▶ WHAT NEEDS TO BE DONE:
Only one stretch of the material below is wanted: everything from the line containing "Casa de Condomínio, 5 quartos - Foto 41" down to the line containing "GMG Pelletgrill Trek", both ends included. Repeat it exactly and skip the pictures.

▶ GIVEN RECORDS:
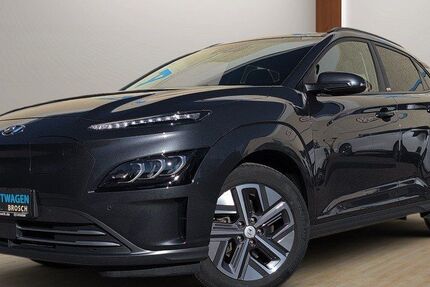 Hyundai KONA 39.000 km 21.992 &euro; Durach 87471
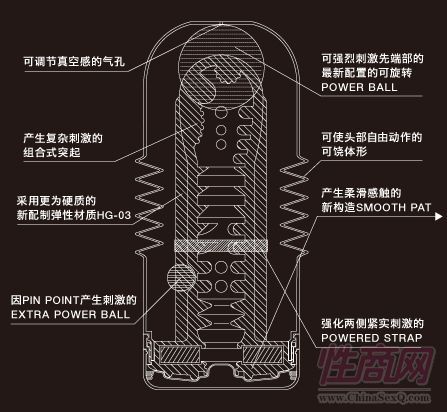 TENGA TOC-103H D(zhun)̼2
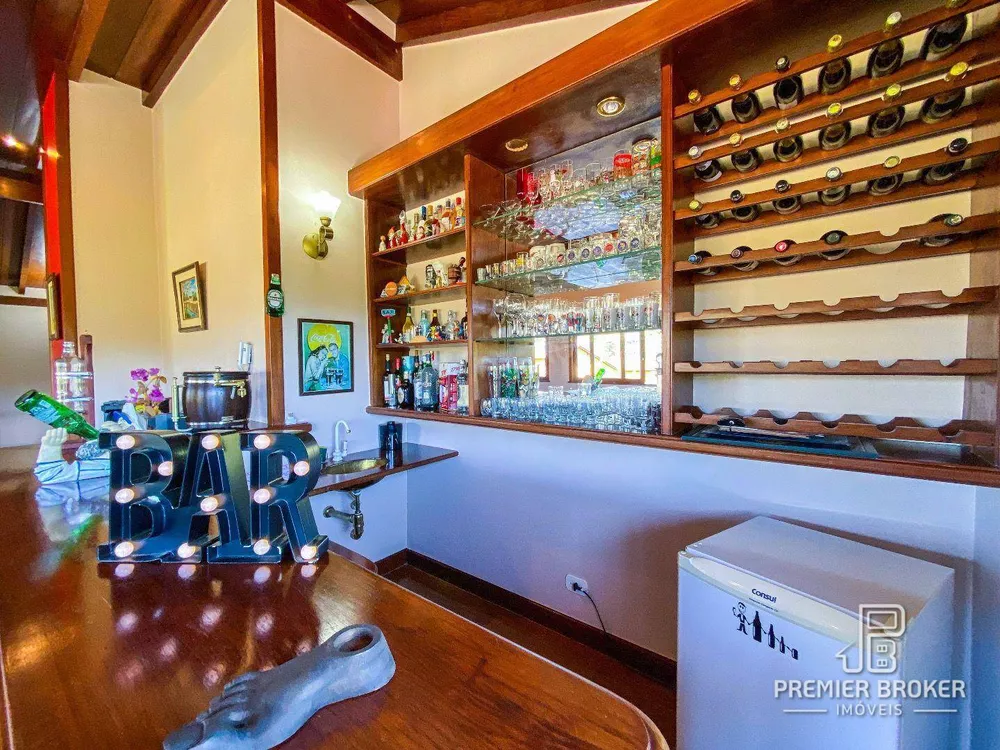 Casa de Condomínio, 5 quartos - Foto 41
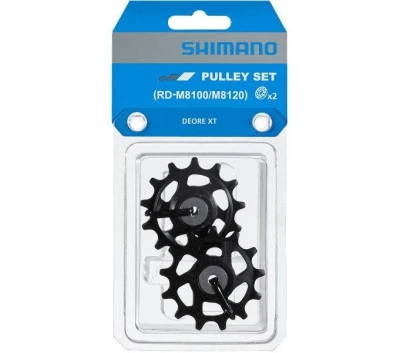 Shimano XT M8100/M8120 12KOLO kladky Shimano XT M8100/M8120 12KOLO kladky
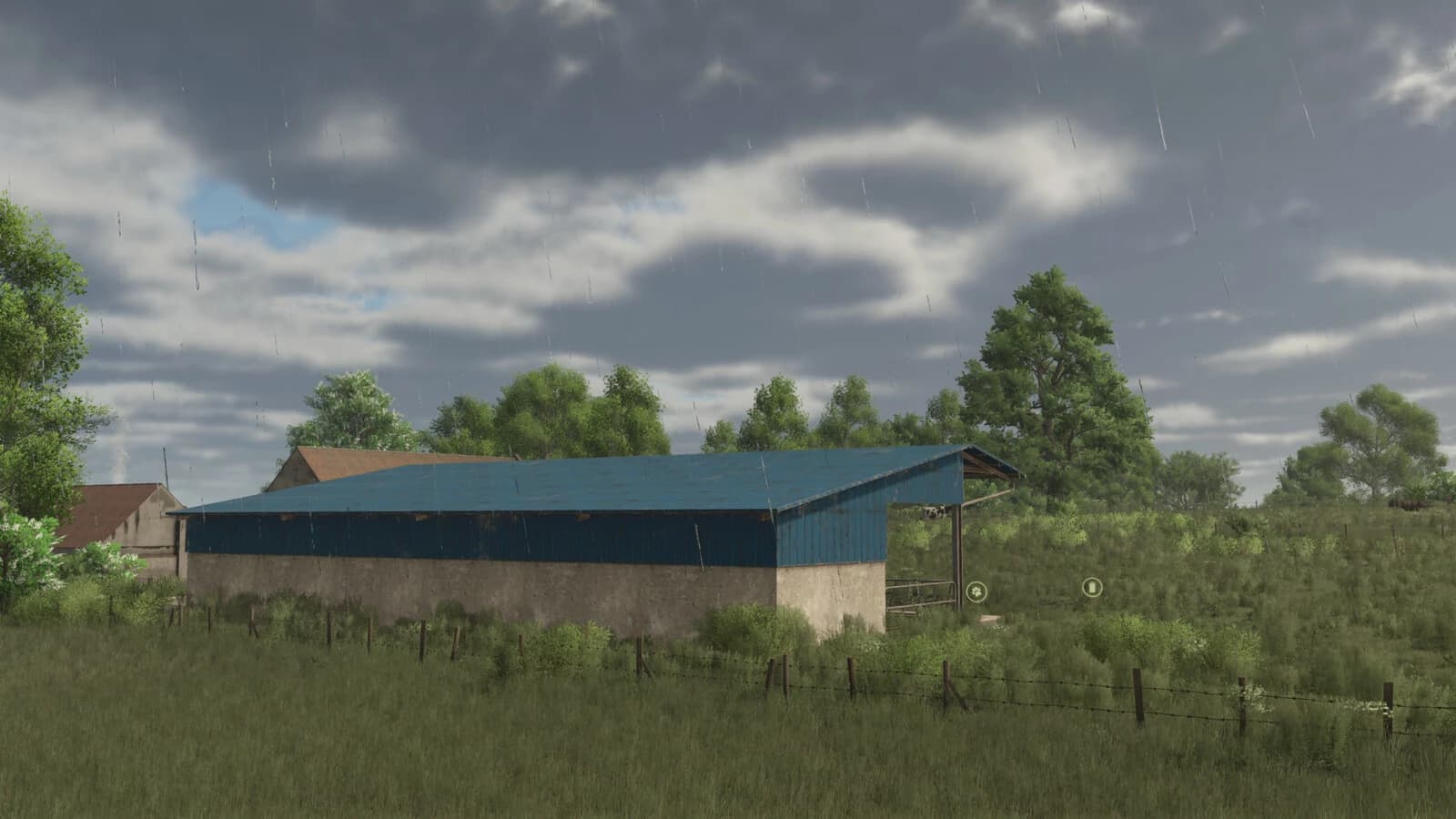 Selfmade CowShed 3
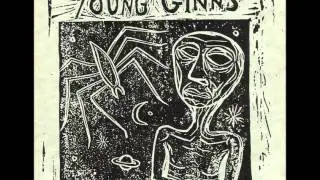 Young Ginns - 3 - Lucky Seven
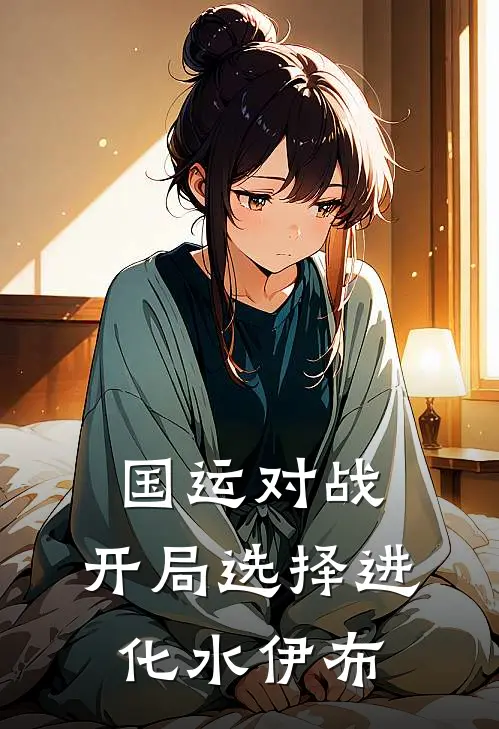 国运对战：开局选择进化水伊布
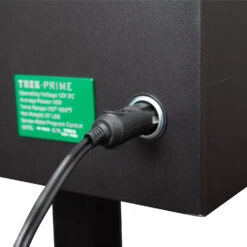 GMG Pelletgrill Trek Mit WiFi Steuerung -Outdoor-Grillladen gmg trek pelletgrill stromanschluss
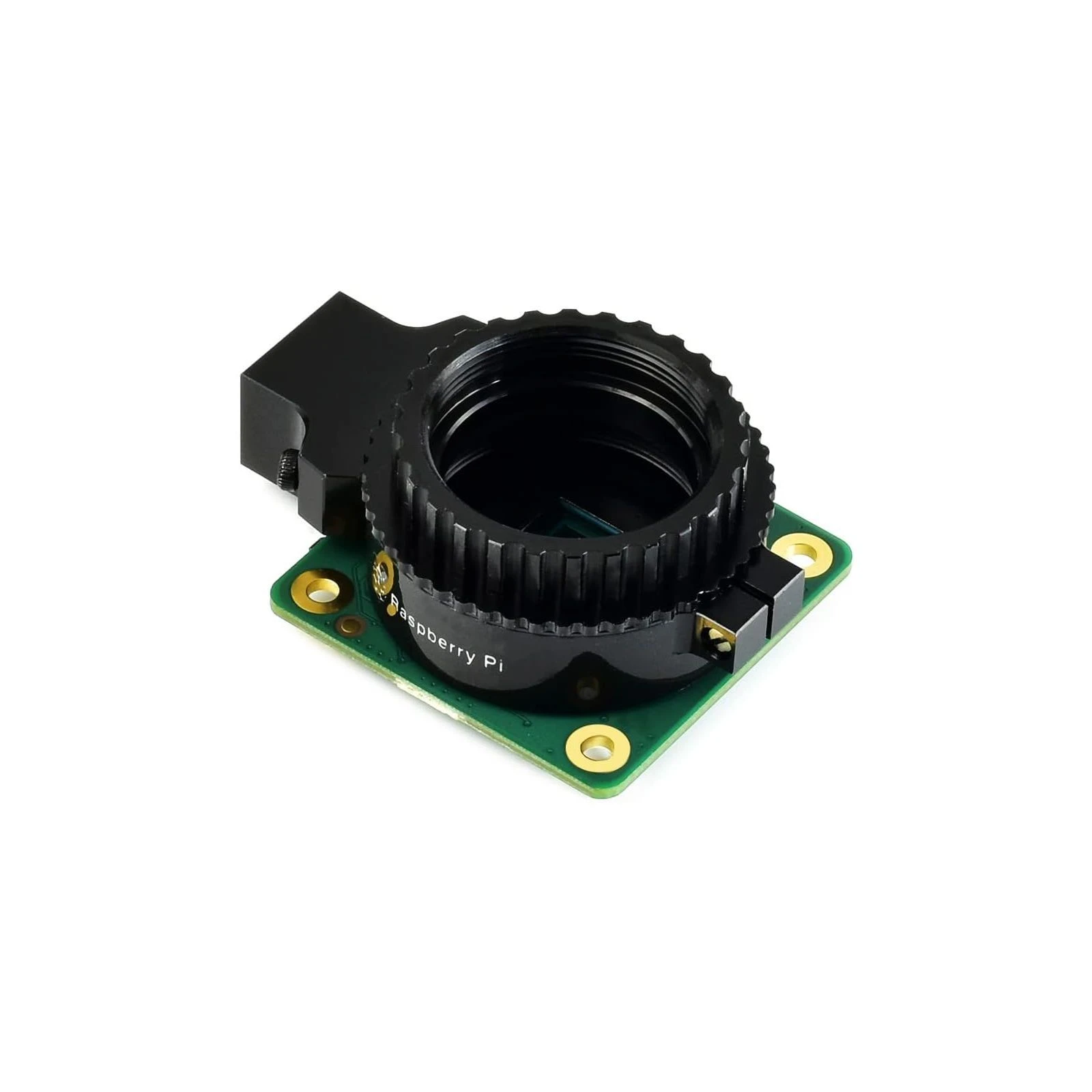 Камера FPV Waveshare RPi HQ Camera Module (18038) (UA)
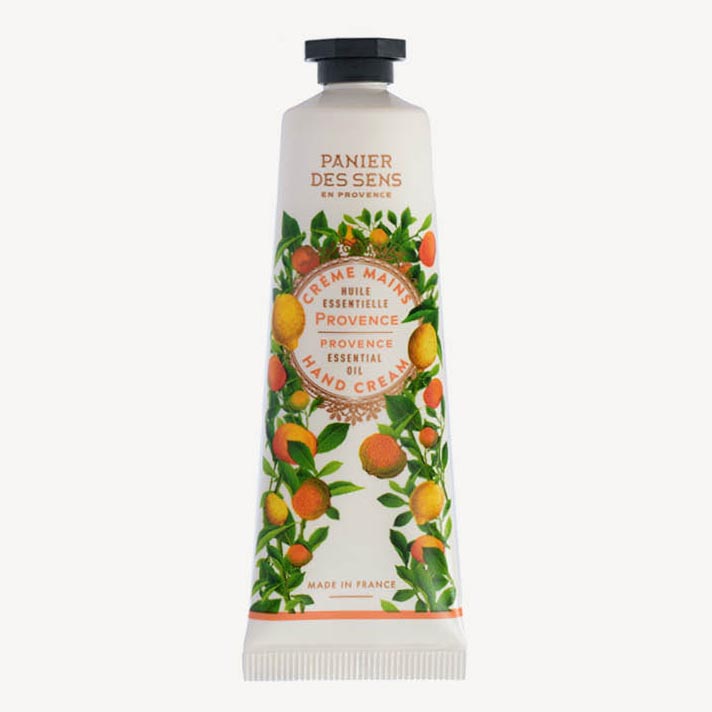 Crème pour les mains 'Provence Adoucissantes' - 30 ml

▶ EXERCISE ANSWER:
 Casa de Condomínio, 5 quartos - Foto 41
 Shimano XT M8100/M8120 12KOLO kladky Shimano XT M8100/M8120 12KOLO kladky
 Selfmade CowShed 3
 Young Ginns - 3 - Lucky Seven
 国运对战：开局选择进化水伊布
 GMG Pelletgrill Trek Mit WiFi Steuerung -Outdoor-Grillladen gmg trek pelletgrill stromanschluss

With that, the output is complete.